YOUR GOAL:
Retype the listing found below exactly, but leave out each picture.

SOURCE DATA:

# # # #

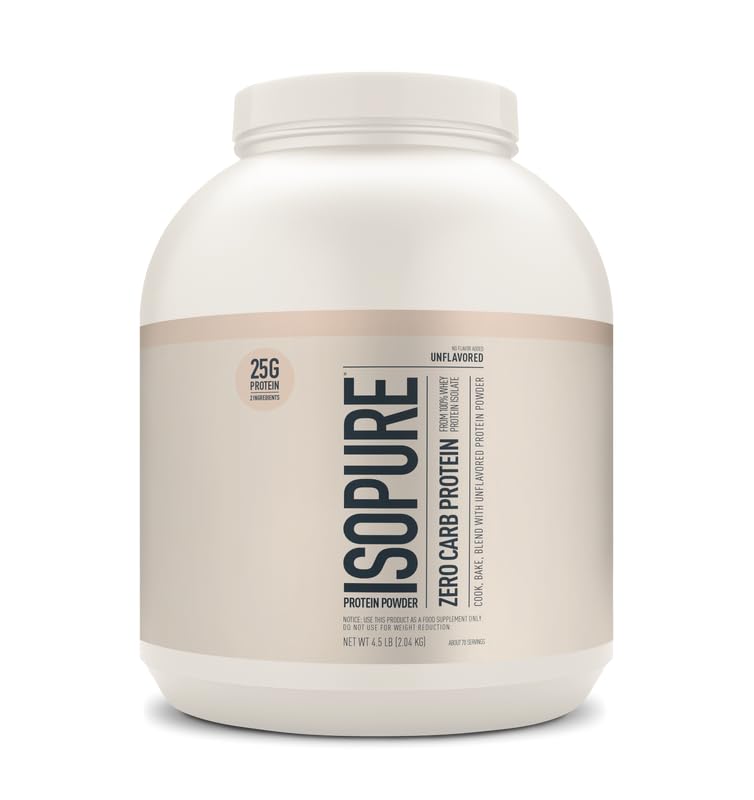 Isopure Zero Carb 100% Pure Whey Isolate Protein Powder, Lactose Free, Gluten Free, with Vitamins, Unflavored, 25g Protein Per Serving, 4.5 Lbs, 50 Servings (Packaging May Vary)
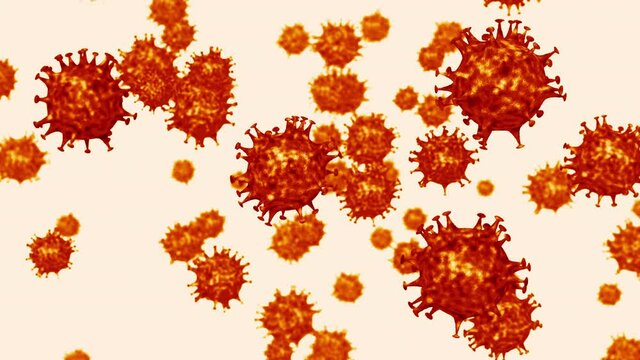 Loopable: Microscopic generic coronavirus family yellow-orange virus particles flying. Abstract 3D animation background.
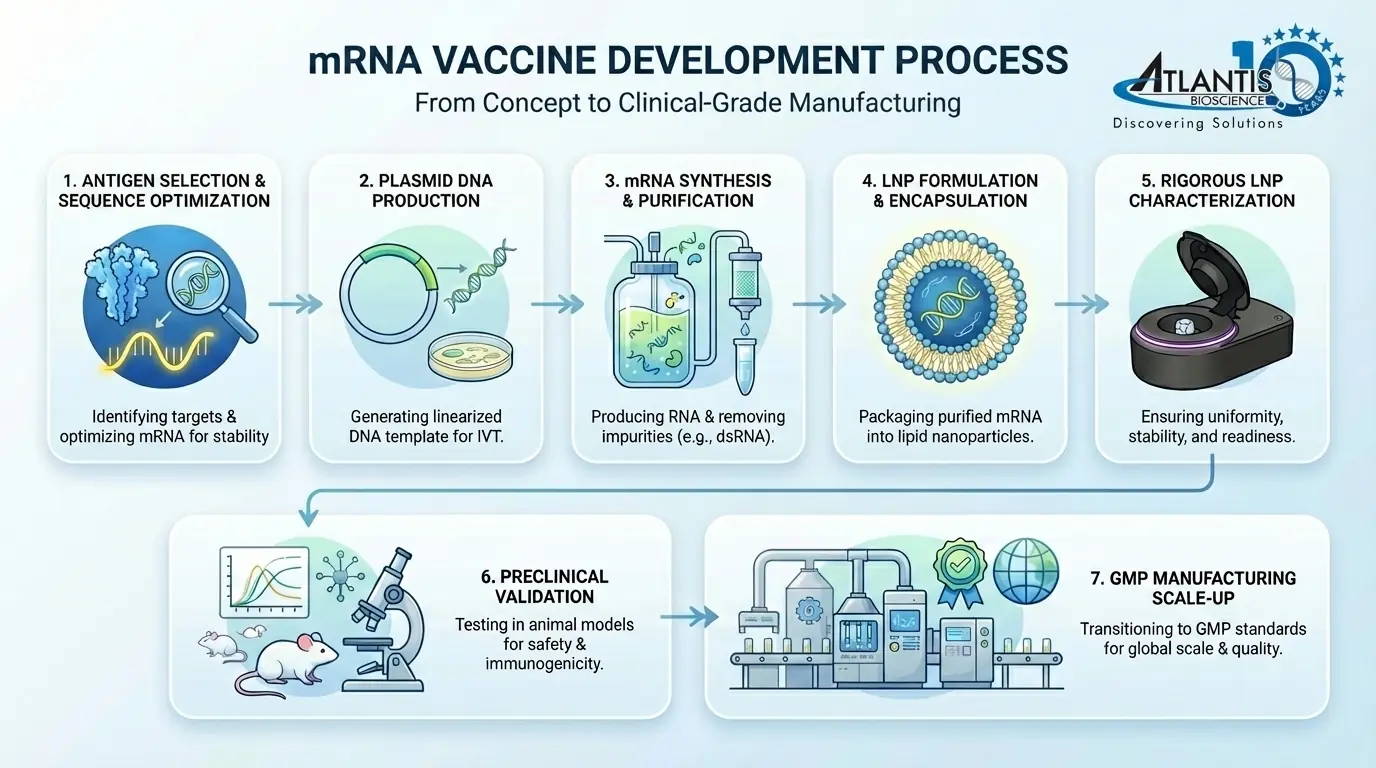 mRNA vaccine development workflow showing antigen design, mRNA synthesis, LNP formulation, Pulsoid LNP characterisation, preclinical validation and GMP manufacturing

# # # #

RESULT OF THE EXERCISE:
 Isopure Zero Carb 100% Pure Whey Isolate Protein Powder, Lactose Free, Gluten Free, with Vitamins, Unflavored, 25g Protein Per Serving, 4.5 Lbs, 50 Servings (Packaging May Vary)
 Loopable: Microscopic generic coronavirus family yellow-orange virus particles flying. Abstract 3D animation background.
 mRNA vaccine development workflow showing antigen design, mRNA synthesis, LNP formulation, Pulsoid LNP characterisation, preclinical validation and GMP manufacturing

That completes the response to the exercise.